ソフトを開発しようと思った動機、背景
数値解析やシミュレーションでは、さまざまなOSが使用されます。解析ツールもさまざまなものがありますが、異なるOS間では移植されていなかったり、されていても導入に手間がかかったり、移植元よりも微妙に使いづらかったりする場合があります。もう何年も前になりますが、私が数値解析に入門した頃、上のような背景から「いろいろなOS上で手軽に使えて、導入も簡単な解析ツールがあればいいな」と感じていました。ちょうどその頃、趣味で3D CGに関する処理を扱っていたので、その延長で、どこでも動く3Dグラフ描画プログラムを書いてみようと思いました。これが現在の「リニアングラフ3D」の原型となっています。
開発中に苦労した点
3Dグラフの大まかな処理をまとめると、
- ファイルからXYZ座標を読み込み、
- 拡大・縮小などの変換を行った上で、
- それを画面に描画する
という流れになります。
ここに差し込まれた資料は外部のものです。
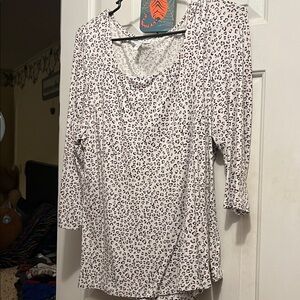 Cute Pink Leopard Look With 3/4 Length Sleeves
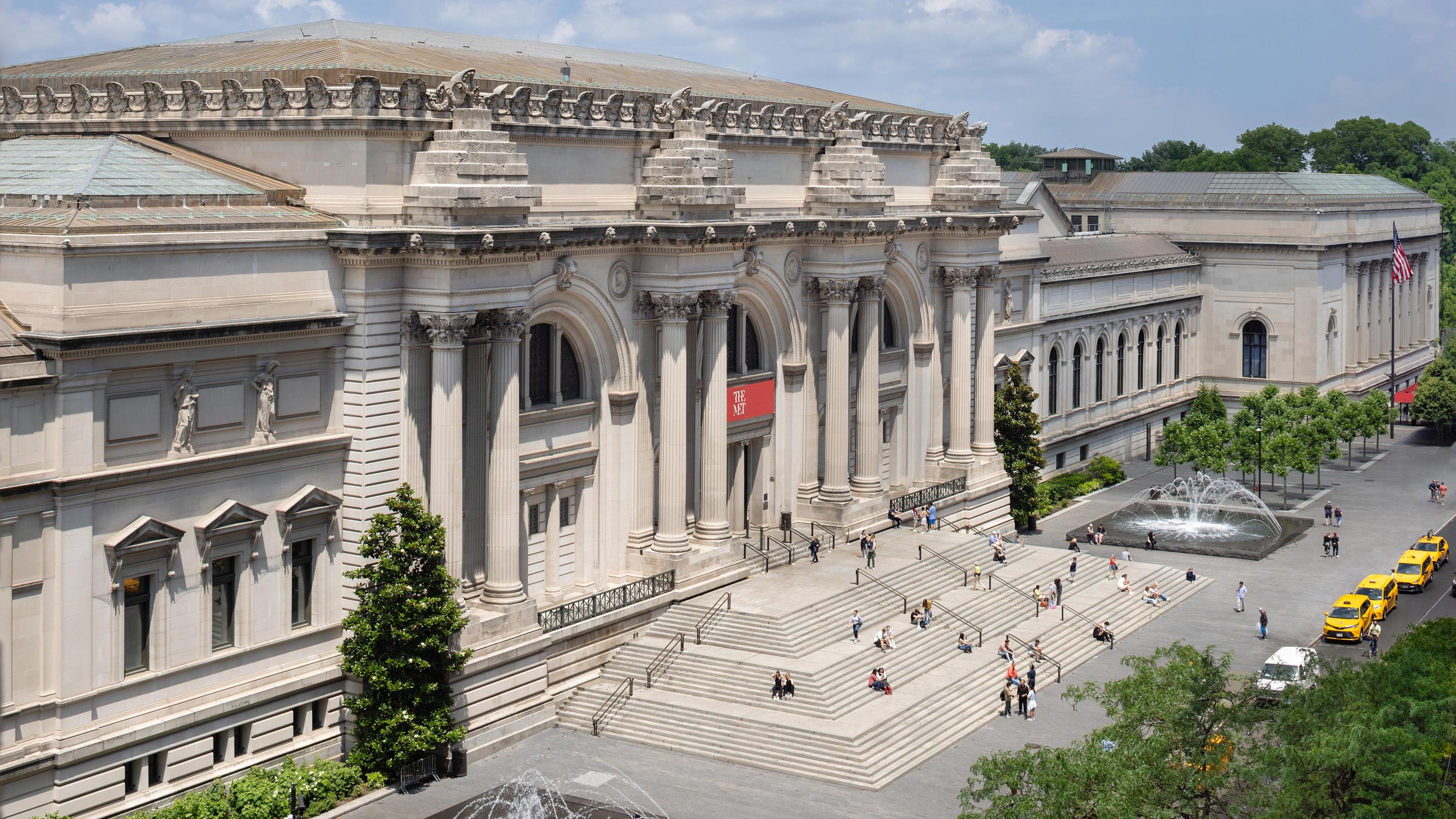 The Met Fifth facade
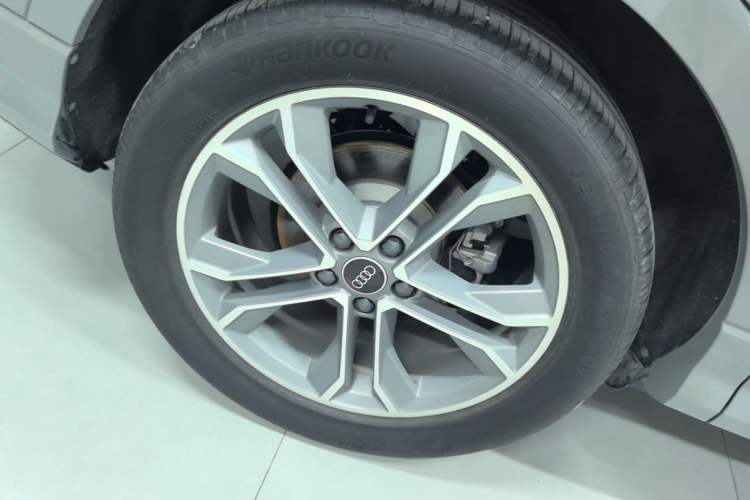 Used Audi Q3 2024 40 TFSI Fashion Dynamic Model Right Rear Wheel Hub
描画部分に目が行きがちですが、実はここはそう難しくなく、3D CGの基礎知識があれば何とかなると思います。逆に一番苦労したのは、意外にも「ファイルからXYZ座標を読み込む」部分でした。というのも、グラフソフトは幅広い分野で使われるだけあって、さまざまなソフトやOS上で作られたファイルを想定しなければいけません。例えば、表計算ソフトからメモ帳にコピペされたものもあれば、別のOS上で数値計算プログラムから出力されたものもあるわけです。ファイルの中身も、数値の並び方や区切り方、改行コードなど、さまざまなパターンがありますし、冗長な空白・改行といった「クセ」もあります。さまざまなファイルに対応するには「ひたすらケースバイケースで拡張と検証を重ねてゆく」という地道な作業が必要で、なかなか大変でした。
ユーザにお勧めする使い方
インストール不要でどこでも動くので、USBメモリなどに入れておくと、外出先のパソコンでも使えて便利です。常用する場合は「bin」フォルダのパスを環境変数に登録しておくと、コマンドラインからも使えるのでお勧めです。
今後のバージョンアップ予定
オプションや対応ファイルの追加など、内部処理レベルでは今後も手を入れてゆくと思います。ただ、このソフトのような「作業用ソフト」では、使い慣れた操作感の変化を好まない方も多いため、画面デザインの大幅な刷新などは避け、なるべく数年後も違和感なく使えるような方向を目指しています。
とはいっても、最近はパソコンそのものが劇的に変化しつつあります。画面は急速に高解像度化が進み、タッチパネル操作の機会も増えてきました。数年後のパソコンがどのような形態や使い方に落ち着いているのか、ちょっと予想が難しい状況です。そうした新しいパソコンでも使いやすさを確保しつつ、旧来から違和感のない操作感を提供してゆくのが、今後のバージョンでの課題になると思います。
最後に
有名なグラフソフトがいくつもあった中で、ゼロから開発したグラフソフトを使っていただけて、何年もバージョンアップを重ねてこられたことは、本当にありがたいことだと思います。ご使用いただいている方々へ、心よりお礼申し上げます。